:: Task objective ::
Repeat exactly the lines below, from the line containing "beautifully designed interior" through the last line, both included. Leave out any pictures.

:: Dataset content ::
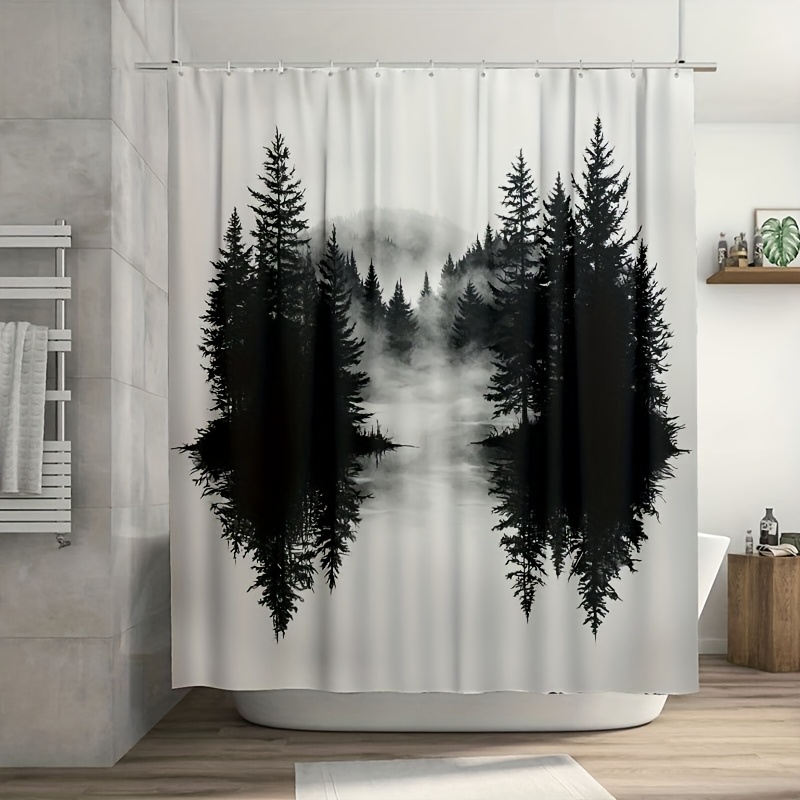 Misty Forest Woodland Shower C - Home Decor Bathroom Ideas avaliação e preço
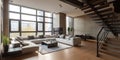 beautifully designed interior of a modern apartment build three generative AI Royalty Free Stock Photo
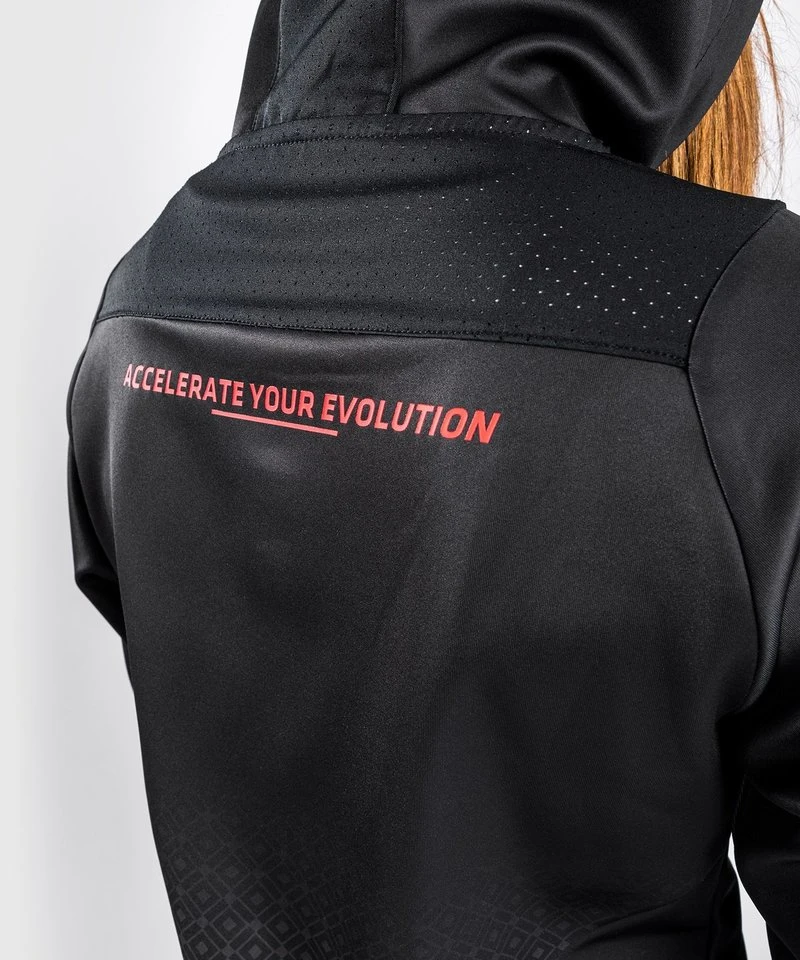 UFC Venum Performance Institute Hoodie Dames Zwart Rood - Image 8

:: Answer to this exercise ::
 beautifully designed interior of a modern apartment build three generative AI Royalty Free Stock Photo
 UFC Venum Performance Institute Hoodie Dames Zwart Rood - Image 8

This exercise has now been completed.